▶ _WHAT YOU NEED TO DO_: With the material below, print exactly the lines between the line holding "Phân khu Komorebi Nhật Bản Phân" and the line holding "מקרר ‏מקפיא עליון kupper B.I 8000 ‏241 ‏ליטר", inclusive. Add nothing else.
╭─ SOURCE DATA
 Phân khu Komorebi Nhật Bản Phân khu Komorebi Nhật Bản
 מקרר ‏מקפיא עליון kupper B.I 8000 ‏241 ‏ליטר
╰─
╭─ SOURCE DATA
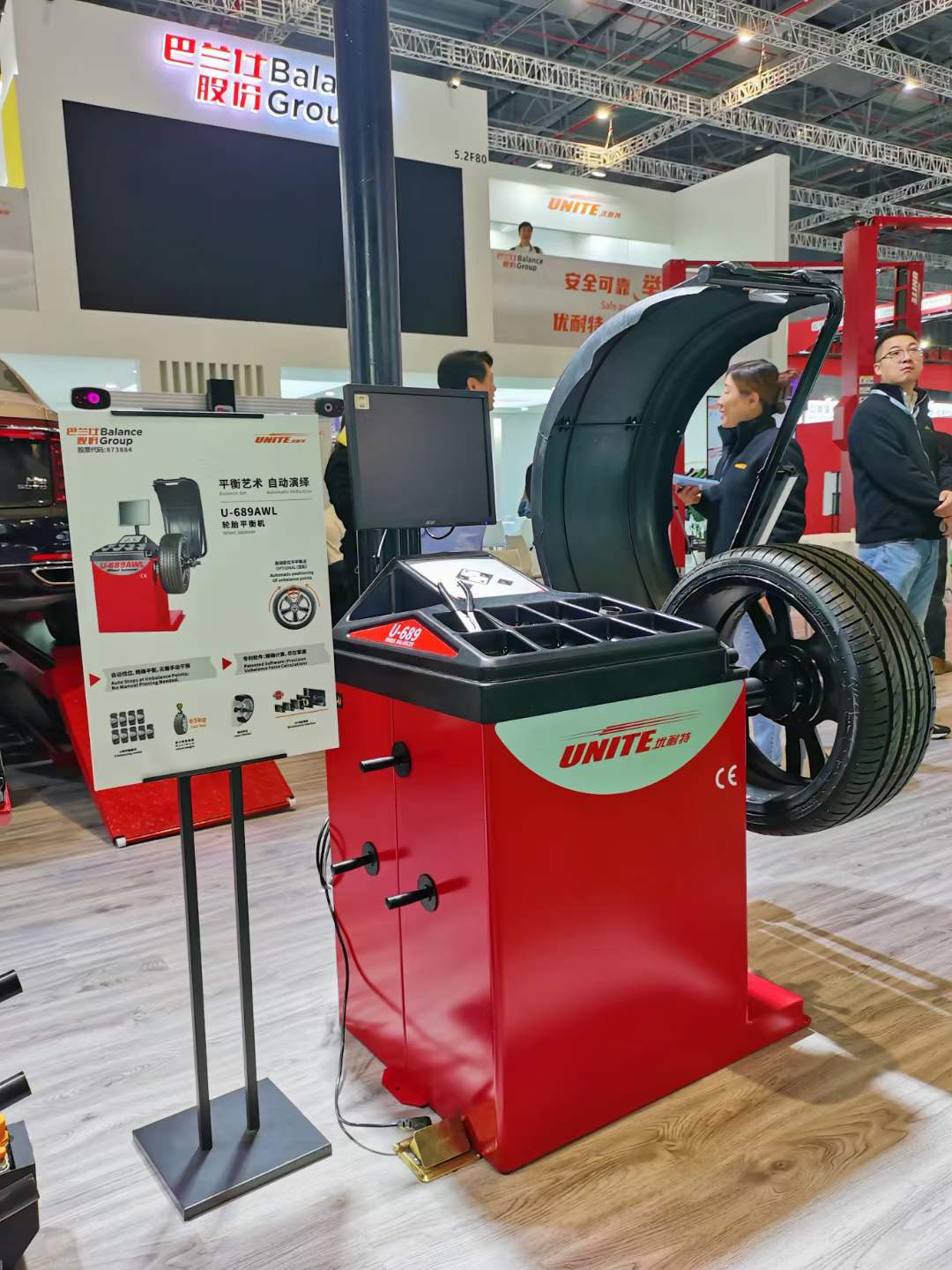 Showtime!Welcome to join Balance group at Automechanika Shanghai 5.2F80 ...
╰─
▶ _RESULT_:
 Phân khu Komorebi Nhật Bản Phân khu Komorebi Nhật Bản
 מקרר ‏מקפיא עליון kupper B.I 8000 ‏241 ‏ליטר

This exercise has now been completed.